Marca também inolvidável, a de 1947 e final de 1949, três anos, tempo áureo na minha formação, porque acrescido de uma pertença frutuosa à Associação Escoteira Nossa Senhora do Carmo. Ao inspirado e devotado Chefe, jamais olvidado por seus pupilos, o incansável Frei Osvaldo Edman, da Ordem Carmelitana perene gratidão das famílias dessa meia centena de escoteiros preparados para a vida. Deus o tenha.
Sobremaneira honrado pela minha admissão algo recente à ASLe, – Academia Saltense de Letras, em fevereiro de 2019, mercê do carinho de quem de há muito não via, o irmão – seja-me permitido dizê-lo – Augusto Gasparini Filho.
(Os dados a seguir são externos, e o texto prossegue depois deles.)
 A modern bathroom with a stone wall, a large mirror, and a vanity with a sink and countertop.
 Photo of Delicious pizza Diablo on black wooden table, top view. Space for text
Justamente ele, companheiro exemplar, como muitos outros amigos saltenses de longa data e militantes no movimento dos Cursilhos de Cristandade e do chamado Coloco, sob a orientação do destemido Pároco, inesquecível Monsenhor Mário Negro.
Assinale-se que, em menino, ia para lá constantemente, parte pelo prazer de percorrer os lugares típicos e arredores da bela cachoeira do Rio Tietê e parte, mais ainda, pelos dias em que, menores, o sobrinho Carlos e eu, a passarmos de uma travessura para outra.
Seu pai, meu irmão Nilo de Campos, instalara-se por muito tempo com ampla tipografia, justamente na Barros Júnior, defronte o Clube Saltense e, vizinha deste à esquerda, sua residência.
Tudo agradavelmente perto e de inesquecível lembrança.
Assim, distante de mim o mínimo sentimento de vaidade, alegra-me, contudo, a condição de partícipe do grupo fundador da Academia Ituana de Letras – ACADIL, trintenária e, desde 02.2.2019, como também à ASLe – Academia Saltense de Letras, por aclamação unânime, integrado pois à companhia dos preclaros seguidores do inesquecível e primeiro Presidente, Ettore Liberalesso, autodidata de verve profícua e escorreita.